Peço desculpas a
todos por bater na mesma tecla. Não resisto assistir calado que, conterrâneos
meus, travestidos em Velhinha de Taubaté, acreditem cegamente nas promessas vãs
dos políticos pátrios. Sem exceção, nossos políticos desprezam solenemente a
ferramenta mais importante de gestão pública: o planejamento, principalmente o
financeiro. Aliás, pra ser justo, essa características é da grande maioria do
povo brasileiro. O importante é o presente; o passado todos esquecem; o futuro,
a Deus pertence.
Em recente
encontro com autoridades passenses em Belzonte, o secretário Nárcio Rodrigues
garantiu, usando até de redundância, que a estadualização da FESP era
irreversível, não tinha volta.
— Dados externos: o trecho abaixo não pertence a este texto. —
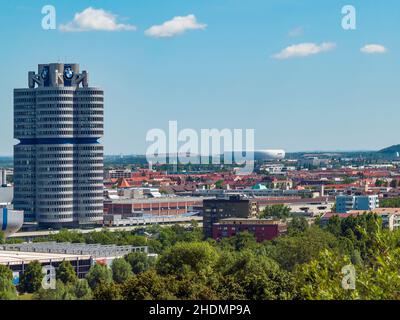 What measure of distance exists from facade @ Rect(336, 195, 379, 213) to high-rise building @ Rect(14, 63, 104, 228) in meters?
16.4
Confirmando em seguida que, até o final deste
mês, o governador resolveria a questão.
O secretário, sem
se comprometer, disse o óbvio para nossas autoridades. A estadualização,
obviamente, é irreversível. Para reverte-la há que se alterar a Constituição do
Estado de Minas Gerais. E resolver é decidir. Decidir é fazer ou não fazer. É
igual à virgindade, coisa importante no meu tempo: ou é ou não é. Não existe
meia virgindade.
Não se pode
esquecer que a estadualização de fato precisa de grana, muita grana. Muito mais
do que os 80 milhões que imaginei necessários para este ano; esqueci-me das
indenizações que terão que ser pagas a todos os funcionários das fundações, que
serão dispensados e readmitidos em seguida nos quadros provisórios do estado.
O Secretário do
Planejamento, o homem que sabe se tem ou não tem grana, deu a pista. Deixou
vazar que tem várias alternativas pra pagar a conta da estadualização das três
maiores fundações. A alternativa mais viável é a que dá um jeito de vincular as
despesas deste ano para o próximo exercício orçamentário.
Dúvidas do macaco
(o macaco sou eu). O próximo exercício orçamentário é o do ano que vem, com
novo governador que ninguém sabe quem será e pode alterar o orçamento em função
de suas prioridades? Os decretos que serão assinados, com certeza em pomposas
cerimônias, em Ibitatá com foguete a dar com pau, são os da estadualização
mesmo?
Se as respostas
para as dúvidas do macaco forem “sim”, sem revogar artigos da lei de
estadualização, difícil de ser feita porque a Assembleia estará de recesso,
será uma estadualização meia boca e ilegal. No momento em que os decretos forem
assinados, segunda a lei (Art.7º §5º), os alunos deixarão de pagar as mensalidades,
inviabilizando o funcionamento das fundações por falta de grana.
A não ser que
tais decretos, despistadamente, não sejam os da estadualização, mas os da
enganação. Um amigo, conhecedor da alma dos políticos pátrios, me disse: não
estressa, político tem jeitinho pra tudo.